Farmer Richard standing in a cover crop of rye grass.
Our second mix consists of plants that can go dormant during the winter, and then resume growing again in the spring.  We plant this mix in fields that we won’t need to plant very early in the spring.  This allows us to leave the cover crop in the spring so it can grow and we can maximize its benefits.  We usually cut or chop the cover crop just before it goes to seed.  This mix consists of cereal rye, rye grass, mammoth red clover, hairy vetch as well as Alice clover and red clover.  In addition to serving as a sponge to take up available nutrients and hold them in place for next year’s crop, the rye also makes a good mulch that we cut and bale.  We take the bales off of one field and put them on another field to mulch in between beds of vegetable crops such as strawberries, tomatoes and garlic.  The clovers and vetch are able to take nitrogen from the air and fix it in the soil, which means we don’t have to apply fertilizer!  If we have excess rye grass beyond our needs for mulch, we may choose to bale some to use as feed for our cattle and goats through the winter or sometimes we just chop the crop back onto the field and work it into the soil.  This is referred to as a “green manure” crop.

Australian Peas holding nitrogen in the soil.
Over the past few years we’ve increased the diversity of plants in our cover crop mixes.  While it is more complicated to make these mixes, we appreciate the plant diversity and the different beneficial attributes each plant brings to the mix.  Each variety also supports its own unique microbes that interact with the plant at the root level.  We are also learning that there is also a synergy between organisms that multiplies the benefits exponentially.  Little is know about this interaction, but it is believed that the microbes communicate and function as a larger, very complex organism that can move water and nutrients across the field to plants in need.  Plants and microbes also work together to trade nutrients each may need, but may not be able to produce on their own.  Plants exude simple sugars and carbohydrates on their roots.  These carbohydrates are available for microbes to utilize and in exchange the microbes help make nutrients in the soil more bioavailable for the plant.  This is a very simplified explanation of what is happening at that microscopic level and we are continuing to learn more about this complex and beautiful symbiotic relationship.  What we do know though is that our crops are healthier and produce better and taste better when we have lots of microbial activity in the soil.  So for us, it’s worth the investment in time and money to diversify our cover crop plantings to reap these benefits.
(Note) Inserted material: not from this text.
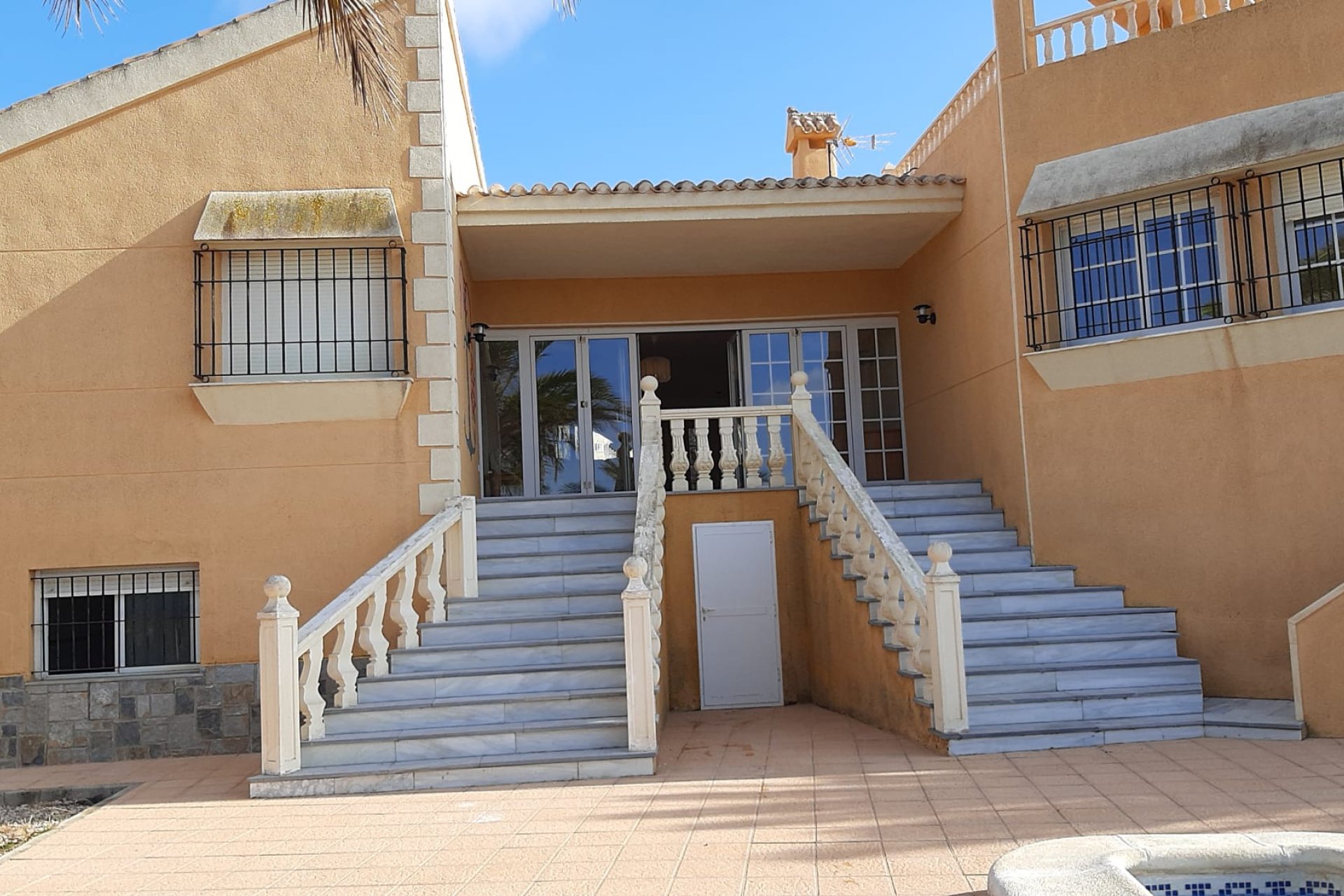 Nouvelle construction - Maison de ville - San Javier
Nicely established September cover crop.
We plant the majority of our cover crops in the month of September, but we’ll continue to plant them in fields as we finish harvesting crops.  Our goal is to maximize their growth potential in the fall, but after October 15 we realize the time on the growth clock is pretty limited.  At that point in the season will start planting only perennial rye seed and we’ll do so at 2-3 times the normal rate in hopes that if we can at least have a short stature, but thick, stand of plants that will be able to hold the soil in place.  Even if we don’t have much height above the surface, the root system and below ground biomass will be established.
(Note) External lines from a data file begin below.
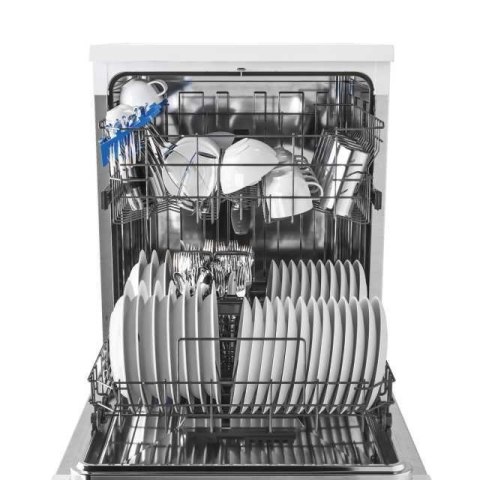 Zmywarka CDPN 1L39PW FS60 cm Biała Zmywarka CDPN 1L39PW FS60 cm Biała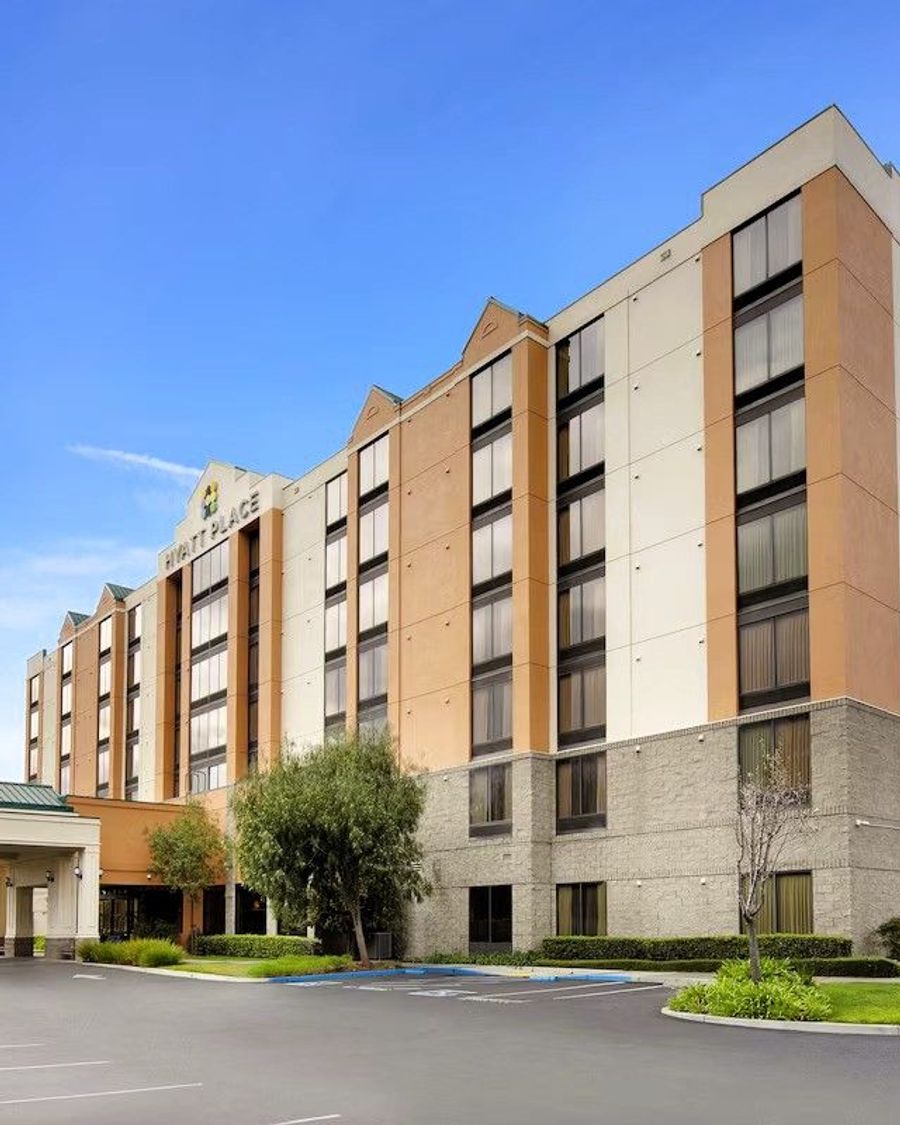 Hyatt Place Fremont/Silicon Valley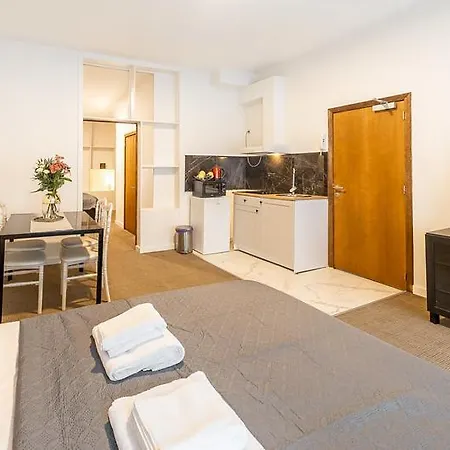 Paile Gare Du Nord Brusel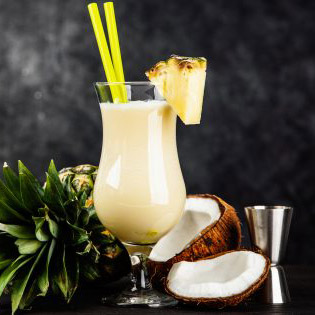 Фруктово-ягодное пюре фото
Even though we plant cover crops every year, we continue to be amazed at the difference they make in our farming system.  We’ve spent over $6,000 on cover crop seeds that we’ll plant this fall.   We’ll also be investing in a lot of compost as well as minerals that will be applied to fields before winter.  The dollars add up and sometimes we ask ourselves “Is this really worth it?”  The answer is always “Yes” and we consider the investment to be one of those non-negotiables.  At the end of the day, you can be the judge as to whether or not it was worth the investment.  What do you think?  Is organic food healthier than conventional food?
 

1 comment:

crloeb said...

Love the broad scope of your answer to the question you pose, taking it beyond "what's in it for ME" to the urgent question of planetary health. Thanks, as always!